A second set of these analyses were performed when P.L.12 postlarvae arrived at each farm in 5-ppt salinity water before they were stocked. The last set of analyses was done either in the nursery pond or in the grow-out pond during the first days of culture. Green colonies of Vibrio were later identified as V. parahaemolyticus.
Postlarvae from the hatchery tank with direct stocking averaged 442,400 yellow CFU/g and 29,933 green CFU/g (Fig. 1), while the postlarvae with a nursery phase had 390,000 yellow CFU/g and 20,933 green CFU/g (Fig. 2).
On arrival at the farms, an average of three samples of P.L.12 taken randomly from three transportation bags with 5-ppt salinity water indicated that in the farm with direct stocking, yellow Vibrio counts went down to 1,236 CFU/g, and green Vibrio counts went down to less than 100 CFU/g. At the other farm, average counts of yellow colonies went down to 3,000 CFU/g, and green colonies fell to 102 CFU/g.
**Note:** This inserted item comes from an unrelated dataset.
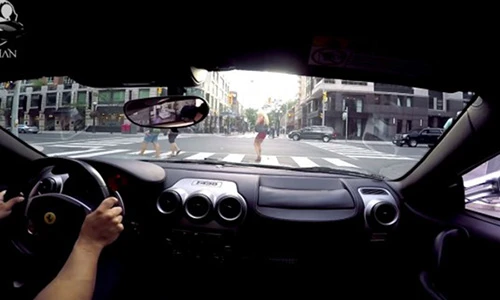 "Siêu ngựa" Ferrari F430 hét bay điện thoại của hot girl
Finally, the last monitoring of Vibrio species in postlarvae was carried out during the first days of culture, either in the nursery pond for the two-phase farm or in a growout pond for the direct-stocking farm. In both cases, green colonies of V. parahaemolyticus were eradicated from the postlarvae in five days in the nursery pond and in 10 days in the growout pond. The difference between results for these two farms may be attributed to the higher minimum oxygen levels in the nursery pond (5.0 mg/L) than in the growout pond (4.0 mg/L).
Monitoring of the farms continued during the growout period to a final salinity of 3 ppt at harvest. It was noticed that V. parahaemolyticus never appeared again in the samples taken from the hemolymph and hepatopancreas tissues of shrimp, or even from water samples.
Vibrios are known as halophytic bacteria, meaning they grow well in high-salinity aquatic environments, and their growth is inhibited when they are exposed to low-salinity water. However, when shrimp postlarvae are infected with pathogenic Vibrio bacteria at very high concentrations in the hatchery, disease can become uncontrollable.
There is a good chance that the infection levels determine the fate of these postlarvae at farms, as is the case with early mortality syndrome (EMS) caused by a pathogenic strain of Vibrio parahaemolyticus. Even if infected postlarvae are cultured in freshwater, mortalities may occur during the first days of culture.